The beneficial claims of probiotics activities are poorly understood, needing scientific validation that can be addressed by assessing probiotic strains under controlled experimental conditions. In order to understand the immunomodulatory mechanism by which probiotic administration improves the host response against S. venezuelensis infection, some components of the intestinal response considered relevant against nematode infection were investigated.

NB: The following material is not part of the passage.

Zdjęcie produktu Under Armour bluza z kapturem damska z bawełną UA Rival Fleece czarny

In the present work, eosinophils and mononuclear were the main cells infiltrating the intestinal mucosa of mice, showing similar patterns of distribution in probiotic-treated mice and control group, either after six or fourteen days after the inoculation of the S. venezuelensis larvae. Increased eosinophils and mononuclear cell numbers are commonly associated with helminth infections, and in S. stercoralis infection of mice, their role as antigen-present cell for the induction of the primary and expansion of secondary Th2 immune response has been characterized[28]. According to the data obtained here, B. animalis administration appears to make no difference in patterns of effector cells infiltration and spatial distribution. Therefore, the effect of the probiotic administration in reducing the worm burden and the egg output in B. animalis treated mice cannot be attributed to a modulation of these inflammatory cells, at least at the intestinal level. It would be of great interest to know whether B. animalis has an effect upon these cells during lung migrating stages, since S. venezuelensis infection also increases eosinophil and mononuclear cell numbers in blood and bronchoalveolar fluid[23]. Besides, it appears that activated eosinophils are relevant for the destruction of migrating larvae, rather than for the elimination of adult worms[13].

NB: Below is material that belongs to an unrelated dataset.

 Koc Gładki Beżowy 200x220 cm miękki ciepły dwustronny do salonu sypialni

Villous atrophy and/or crypt hyperplasia are occasionally induced by nematode infection[17] and high apoptotic rates concomitant with low cell proliferation was found associated with a S. stercoralis infection in humans[34]. On the other hand, it has been demonstrated that the administration of either Bifidobacterium adolescentis or Bifidobacterium longum increase the height of duodenum villi[36]. Thus, in the present work, the measurement of villous height and crypt depth was performed in order to verify if probiotic administration has some effect in repairing the intestinal epithelium during S. venezuelensis infection.

Data obtained here revealed that the duodenum villous height and villous/crypt ratio were significantly higher in probiotic-treated mice killed six days after S. venezuelensis infection, indicating that this group could be experiencing less intestinal damage. Fourteen days after infection, when most of the worms were expelled, no difference in villous length or villous/crypt ratio was found in probiotic-treated and control mice. A time declining effect of the administration of Bifidobacterium longum upon the mice's villous length was previously reported[36].

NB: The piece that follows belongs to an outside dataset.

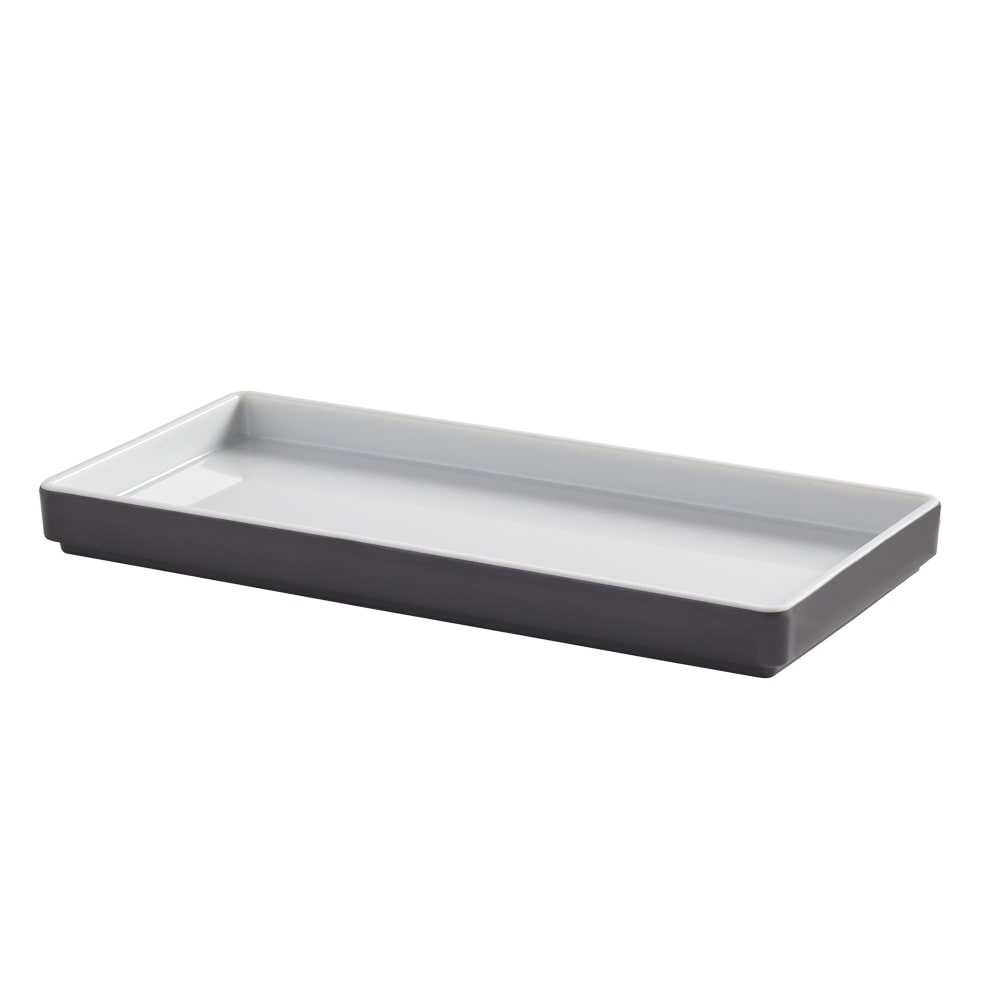 166-UPLS10GE 10" x 4 3/4" Rectangular Platter - Melamine, Graphite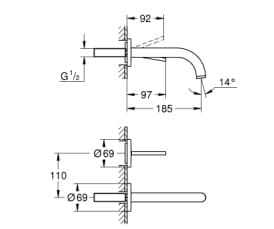 Bản vẽ Vòi Chậu Lavabo Nóng Lạnh Gắn Tường Đức Grohe 19287DA3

Taken together, the present findings suggest that the administration of B. animalis to improve immunity to nematode infections is biologically plausible and could have some impact in public health. Considering that intestinal parasitism and malnutrition share a similar geographical distribution, studies with probiotics should focus on the development of functional foods for the treatment of both diseases.